Welcome to the forum.
I'd suggest checking out the sticky in this section "Eight with Weight: A Reading List for New Investors".
From what you are describing - it may make more sense to setup a TD eSeries Funds account & avoid the commission fees. Once there is enough money to qualify for the cheaper commissions (or enough combined household assets to qualify), you can always setup the TDW account later and transfer the investments over.
Or you could go with a cheaper discount broker but if you know you need time to learn & don't need a broad range of choices - the longer you are commission free (assuming small MERs), the better your returns will be.
http://www.tdcanadatrust.com/produc...ual-funds/td-eseries-funds.jsp?tab=what-is-it
There's also several threads on CMF discussing the differences between the two TD account, the process to set each up and the pros/cons/experiences of those using other brokerages.
If you like talking to people in person, you might consider joining an investment club or similar. Then too, I've seen libraries run seminars as well as colleges run courses on investing. If you keep in mind the question of "how is the seller/ad visor being paid", you've usually got a good idea of what to watch for/risks.

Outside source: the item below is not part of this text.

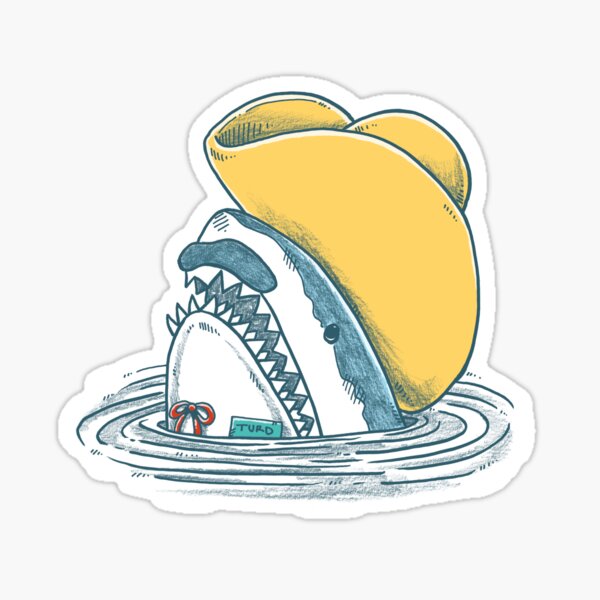 Funny Hat Shark Sticker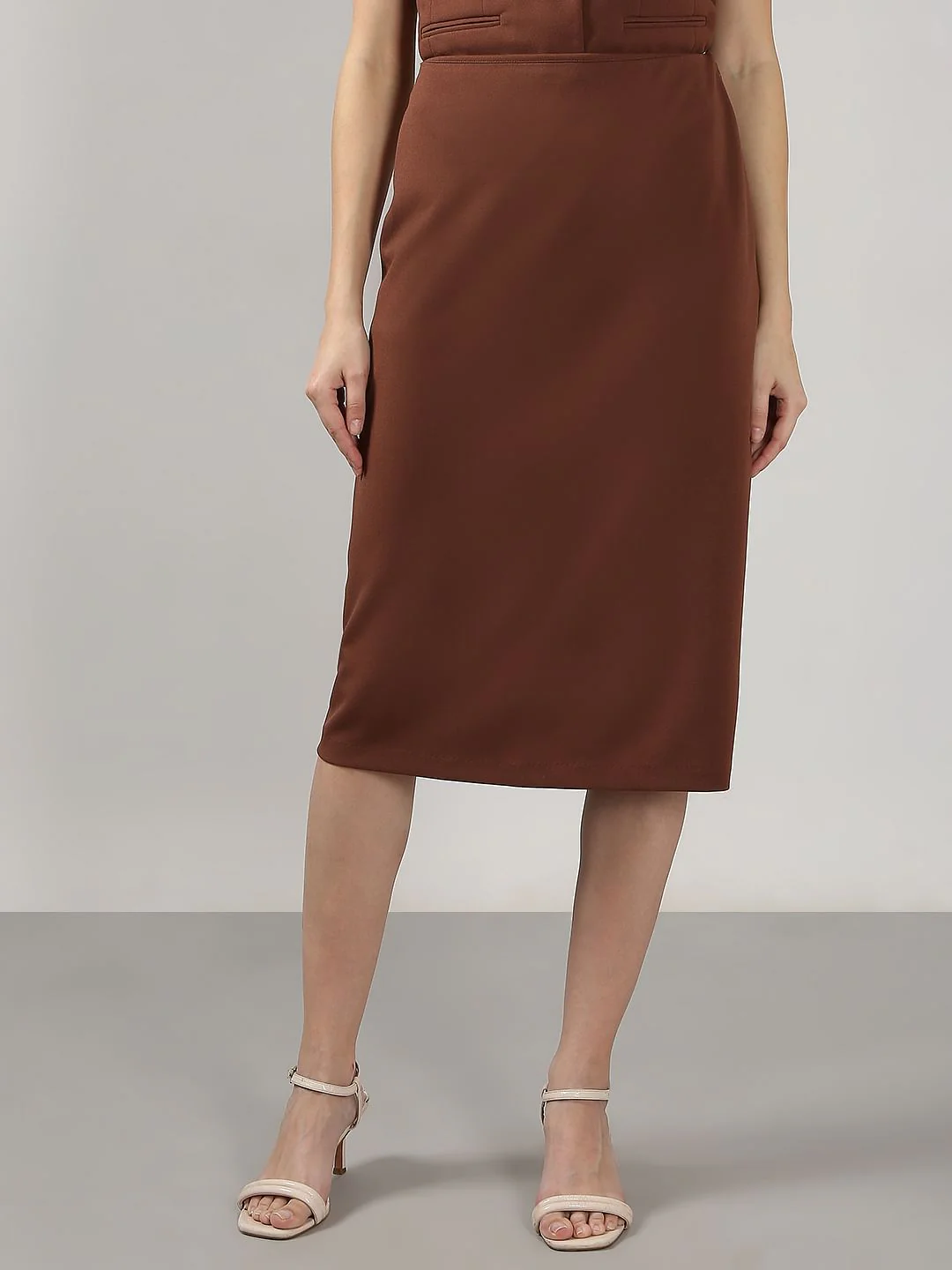 Brown High Rise Skirt - Image 2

For the CIBC MF's, you'll have to check if TDW will accept them as MFs (I'm sure the eSeries account won't). Having these funds may mean that a CIBC brokerage account makes more sense. Worst case, you might have to sell them and transfer the proceeds as everyone accepts cash. Make sure to negotiate as sometimes if the receiving institution thinks they are gaining business, they'll pay for some of the expenses.